Exercise. Make an exact transcript of the lines in the data below, starting with the one containing "RINGKE SLIM &" and going on through the one containing "India News |", with both included and the pictures left out.

Source material.
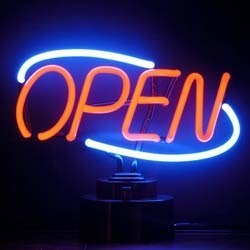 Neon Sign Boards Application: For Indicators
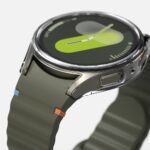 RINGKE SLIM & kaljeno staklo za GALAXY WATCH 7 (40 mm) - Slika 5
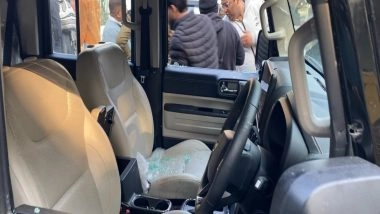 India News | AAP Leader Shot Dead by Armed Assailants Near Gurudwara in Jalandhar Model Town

* * *

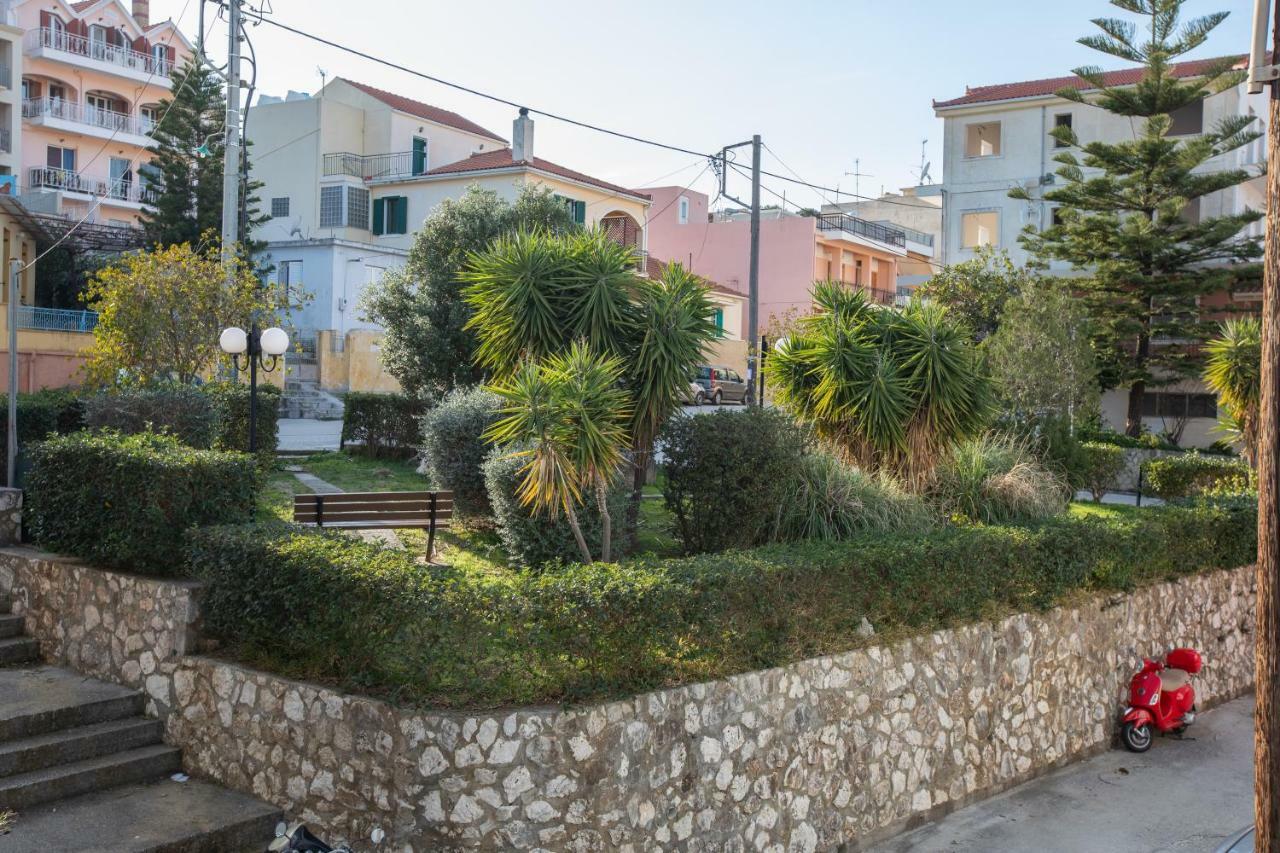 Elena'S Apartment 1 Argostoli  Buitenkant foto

Result of this exercise.
 RINGKE SLIM & kaljeno staklo za GALAXY WATCH 7 (40 mm) - Slika 5
 India News | AAP Leader Shot Dead by Armed Assailants Near Gurudwara in Jalandhar Model Town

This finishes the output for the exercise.